August 23, 2013, by Malvika Johal

My guide to starting your own business – Part 7 “Reputation and Integrity”

Written by: R L (Bob) Hall (BSc, PhD; University Of Nottingham ) Owner & MD of Top & Jeffries Limited; Co-owner & Chairman of Fuel Additive Science Technologies Limited, Shropshire, UK

It takes forever to get established. Growing a business is a bit like assembling that flat pack furniture we all buy. You are reasonably competent at assembly when you have just done your first one, but you only start to get slick after you have done it several times in rapid succession. It seems to take forever to get established. All that non-intellectual operational boring stuff that has to be done (e.g. premises, bank accounts, credit card, work flow systems) takes way longer than it should. It also takes a long while for your customers to get used to you.

As a business start-up, you are a new unknown entity and need to start to develop your brand and business reputation.
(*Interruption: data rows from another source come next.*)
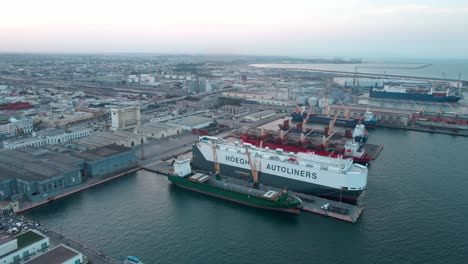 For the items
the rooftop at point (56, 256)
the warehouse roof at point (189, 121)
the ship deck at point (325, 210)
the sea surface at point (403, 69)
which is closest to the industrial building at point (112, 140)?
the warehouse roof at point (189, 121)

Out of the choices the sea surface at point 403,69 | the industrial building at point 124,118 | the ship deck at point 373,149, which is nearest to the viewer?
the ship deck at point 373,149

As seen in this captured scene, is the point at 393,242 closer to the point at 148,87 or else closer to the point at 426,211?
the point at 426,211

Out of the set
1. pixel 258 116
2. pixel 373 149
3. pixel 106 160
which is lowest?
pixel 373 149

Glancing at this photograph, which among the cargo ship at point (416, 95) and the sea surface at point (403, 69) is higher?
the sea surface at point (403, 69)

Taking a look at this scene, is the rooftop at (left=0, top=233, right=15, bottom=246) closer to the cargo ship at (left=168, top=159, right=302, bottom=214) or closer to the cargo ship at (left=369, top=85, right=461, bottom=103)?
the cargo ship at (left=168, top=159, right=302, bottom=214)

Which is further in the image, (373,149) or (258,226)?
(373,149)

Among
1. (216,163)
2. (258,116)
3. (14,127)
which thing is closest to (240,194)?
(216,163)

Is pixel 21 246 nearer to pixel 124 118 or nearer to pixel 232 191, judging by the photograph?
pixel 232 191

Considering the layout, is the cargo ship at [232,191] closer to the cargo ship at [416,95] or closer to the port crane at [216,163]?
the port crane at [216,163] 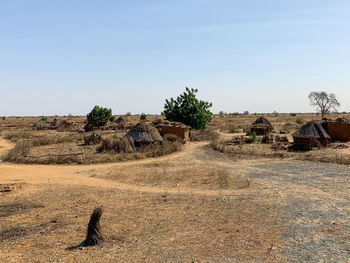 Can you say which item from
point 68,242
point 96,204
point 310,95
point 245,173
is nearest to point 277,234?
point 68,242

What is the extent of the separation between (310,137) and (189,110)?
1311cm

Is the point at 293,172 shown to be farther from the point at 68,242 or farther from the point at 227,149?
the point at 68,242

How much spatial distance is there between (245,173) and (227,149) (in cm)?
755

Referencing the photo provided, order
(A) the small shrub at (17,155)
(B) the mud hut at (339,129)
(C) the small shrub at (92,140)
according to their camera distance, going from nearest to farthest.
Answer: (A) the small shrub at (17,155) → (B) the mud hut at (339,129) → (C) the small shrub at (92,140)

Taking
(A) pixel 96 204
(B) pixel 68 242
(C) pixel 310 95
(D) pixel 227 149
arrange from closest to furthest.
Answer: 1. (B) pixel 68 242
2. (A) pixel 96 204
3. (D) pixel 227 149
4. (C) pixel 310 95

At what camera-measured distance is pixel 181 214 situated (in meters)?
9.37

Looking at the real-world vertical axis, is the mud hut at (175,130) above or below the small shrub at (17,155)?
above

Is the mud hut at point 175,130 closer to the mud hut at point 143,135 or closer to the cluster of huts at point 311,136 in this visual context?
the mud hut at point 143,135

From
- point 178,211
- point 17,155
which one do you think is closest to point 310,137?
point 178,211

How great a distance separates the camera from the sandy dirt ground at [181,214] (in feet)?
22.7

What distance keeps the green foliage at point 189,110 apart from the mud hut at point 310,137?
11297mm

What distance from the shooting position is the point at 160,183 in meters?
13.6

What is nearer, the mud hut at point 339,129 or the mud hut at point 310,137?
the mud hut at point 310,137

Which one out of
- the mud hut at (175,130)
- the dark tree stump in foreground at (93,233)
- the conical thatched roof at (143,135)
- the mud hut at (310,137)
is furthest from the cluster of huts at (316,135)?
the dark tree stump in foreground at (93,233)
People buy from folks they like and they have confidence that the product/service will actually do the job you say it will. Delivering on this promise is your only trump card and failure is not an option the business can survive. From time to time individuals in customer organisations may appear to try and stretch your integrity. They may want some gossip, scandal or have inside track information. My experience is that the “appearance” of a potential short term gain in your inter-personal relationship with that customer is not worth the downside. If you “spill the beans” on someone else, that customer will assume you would happily do the same to them. Resist this kind of temptation, the individuals may not like it at the time, but they will certainly respect you for it and that is what is important.

This lesson also translates to product/service pricing. I try, wherever possible, to keep the same prices for all of my customers. There are different pricing levels for different order quantities, but I try hard to be uniform throughout the customer base. Any other way inevitably causes problems. This may be as simple as all the sales and admin staff getting confused and charging the wrong prices or one of your customers merging with/being sold to another. If there have been different pricing levels in the past one of those customers is going to feel like that they have been treated like a second class citizen. Even with no malice intended, incidents like this can erode your reputation.
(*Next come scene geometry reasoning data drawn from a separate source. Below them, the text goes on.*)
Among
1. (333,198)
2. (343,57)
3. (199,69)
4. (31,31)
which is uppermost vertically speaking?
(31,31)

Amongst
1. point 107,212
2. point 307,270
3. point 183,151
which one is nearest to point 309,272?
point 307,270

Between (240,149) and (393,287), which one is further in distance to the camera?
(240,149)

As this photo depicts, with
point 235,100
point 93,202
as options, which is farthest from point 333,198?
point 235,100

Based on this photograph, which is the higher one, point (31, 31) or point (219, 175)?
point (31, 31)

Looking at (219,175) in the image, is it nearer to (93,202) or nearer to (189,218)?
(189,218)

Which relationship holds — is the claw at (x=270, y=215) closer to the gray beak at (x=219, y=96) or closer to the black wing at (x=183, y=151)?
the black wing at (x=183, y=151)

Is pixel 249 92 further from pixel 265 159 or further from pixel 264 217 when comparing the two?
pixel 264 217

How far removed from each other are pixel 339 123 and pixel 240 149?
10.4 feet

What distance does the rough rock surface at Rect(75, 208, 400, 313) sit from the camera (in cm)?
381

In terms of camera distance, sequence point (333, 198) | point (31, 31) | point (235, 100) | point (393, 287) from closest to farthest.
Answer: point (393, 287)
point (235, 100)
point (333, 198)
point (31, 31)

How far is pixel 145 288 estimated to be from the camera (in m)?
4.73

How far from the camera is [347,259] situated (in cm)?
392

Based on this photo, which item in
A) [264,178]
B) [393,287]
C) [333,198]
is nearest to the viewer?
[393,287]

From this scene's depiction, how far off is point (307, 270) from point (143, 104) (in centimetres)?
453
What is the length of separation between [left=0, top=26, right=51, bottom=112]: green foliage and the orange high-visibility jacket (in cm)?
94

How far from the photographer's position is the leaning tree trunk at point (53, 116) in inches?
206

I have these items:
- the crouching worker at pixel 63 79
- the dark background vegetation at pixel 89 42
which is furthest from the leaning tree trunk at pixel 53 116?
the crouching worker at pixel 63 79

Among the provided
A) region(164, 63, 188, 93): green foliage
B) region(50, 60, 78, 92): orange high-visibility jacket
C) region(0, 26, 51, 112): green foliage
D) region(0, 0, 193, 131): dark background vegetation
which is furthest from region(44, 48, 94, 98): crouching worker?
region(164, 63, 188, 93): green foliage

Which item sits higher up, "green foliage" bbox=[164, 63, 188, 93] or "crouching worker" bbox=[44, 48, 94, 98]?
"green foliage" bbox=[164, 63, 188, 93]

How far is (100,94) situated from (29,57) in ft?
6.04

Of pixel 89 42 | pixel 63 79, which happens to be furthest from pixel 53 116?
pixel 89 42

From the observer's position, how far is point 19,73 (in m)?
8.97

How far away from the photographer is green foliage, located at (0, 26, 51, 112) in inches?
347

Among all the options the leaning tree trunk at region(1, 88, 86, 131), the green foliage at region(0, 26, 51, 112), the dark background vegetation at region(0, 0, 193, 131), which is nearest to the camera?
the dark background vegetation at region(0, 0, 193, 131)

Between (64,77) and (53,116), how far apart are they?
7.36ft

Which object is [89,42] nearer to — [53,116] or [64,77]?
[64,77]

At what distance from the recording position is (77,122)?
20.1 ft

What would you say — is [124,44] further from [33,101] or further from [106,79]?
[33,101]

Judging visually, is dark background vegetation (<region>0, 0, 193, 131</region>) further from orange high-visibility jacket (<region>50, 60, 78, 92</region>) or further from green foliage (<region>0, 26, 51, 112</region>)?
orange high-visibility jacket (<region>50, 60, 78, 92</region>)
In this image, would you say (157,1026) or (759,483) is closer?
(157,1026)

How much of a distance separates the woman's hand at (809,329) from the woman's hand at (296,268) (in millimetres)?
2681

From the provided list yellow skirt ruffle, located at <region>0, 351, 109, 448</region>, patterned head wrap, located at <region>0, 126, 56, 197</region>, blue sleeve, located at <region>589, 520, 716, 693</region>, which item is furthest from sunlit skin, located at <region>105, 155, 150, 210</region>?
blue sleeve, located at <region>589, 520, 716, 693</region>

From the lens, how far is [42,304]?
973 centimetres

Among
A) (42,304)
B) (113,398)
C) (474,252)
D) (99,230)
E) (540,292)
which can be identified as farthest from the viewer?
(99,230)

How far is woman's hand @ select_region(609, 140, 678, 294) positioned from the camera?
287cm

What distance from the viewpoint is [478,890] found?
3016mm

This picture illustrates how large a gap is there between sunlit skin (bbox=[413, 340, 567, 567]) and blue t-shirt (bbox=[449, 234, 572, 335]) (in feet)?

Individuals in customer organisations can also sometimes try to push the envelope hard to gain some short term concessions out of you. This may be a delay/extension of payment terms, one-off additional volume discount, “sale or return” (yes, folks still ask for this today) or some other “special” deal. I can honestly say that every time I have gone along and agreed with these “one off” situations I have always regretted it afterwards as it has created some kind of problem later on. My advice is to never do it,  if you have done your homework properly on your product/service offering, pricing and payment terms then why should you change? If that particular customer does not want it, understand why, but stand your ground and move on to others that will.

When you have made a sale do not feel embarrassed about chasing for the payment the day after the invoice is past due. Growing a business depends heavily upon cash flow and you need all the invoices paid as soon as possible. Failure to chase these payments means your business will fail, full stop. Put persistent non-payers on “stop” and do not sell them anything else until they have paid. Again, customers may not appreciate being chased at the time, but they will certainly respect you for it and will think twice about delaying payment again. Be sure to subscribe to be updated on the next in this series entitled ‘People’.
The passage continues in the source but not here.